The commission found that a proposal submitted by NERC, MRO and SERC in March “reflects the transfers of registered entities will ‘promote effective and administration of bulk power system reliability’” in accordance with the Federal Power Act.
The order terminates the amended and revised delegation agreement between NERC and SPP, effective Aug. 31, and revises the delegated agreements among NERC, MRO and SERC to reflect their new geographic footprints. The transfer is effective July 1.
FERC said it was “satisfied” that the petitioners and SPP “have considered and established mechanisms to mitigate against the risk of material gaps in oversight of compliance and enforcement activities due to the transfer of registered entities.”
Most of the RE’s 122 registered entities have been reassigned to the MRO, with the remainder joining SERC. NERC will assume the compliance monitoring and enforcement of the SPP RTO for two years following the delegated agreement’s termination date, after which it will determine a successor.
SPP was appointed by NERC as an RE in 2007. The RTO said last July it had reached an agreement to dissolve the RE, citing a mismatch between the RE’s footprint and SPP’s. FERC and NERC had both expressed concerns that SPP failed to ensure the RE’s independence from the RTO.
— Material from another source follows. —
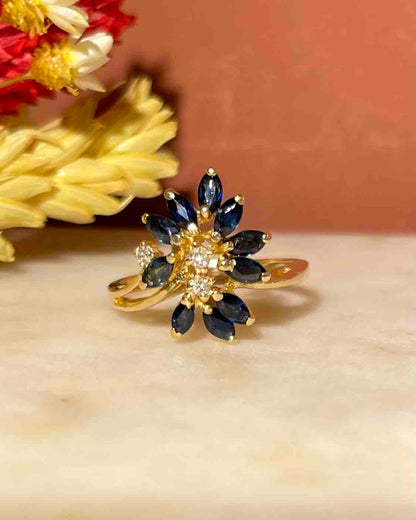 Bague Marguerite Saphir coeur Diamants &quot;Millie&quot;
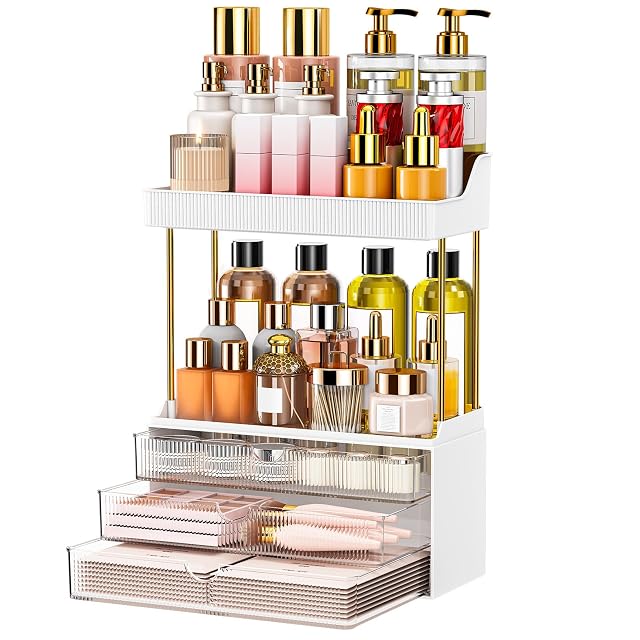 12 2W Makeup Organizer Drawers - 5 Tiers Bathroom Counter Organizer Cosmetic Storage Drawer for Dresser Countertop and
NERC approved the dissolution in February. (See NERC Board Approves Dissolving SPP Regional Entity.)
NERC, MRO and SERC filed the joint petition with FERC in March.
The RE said it will address transitional and wind-down costs using its approved 2018 statutory assessment funding. Any funds left over will be transferred to MRO and SERC, allocated according to the transferred load-serving entities’ relative net energy for load.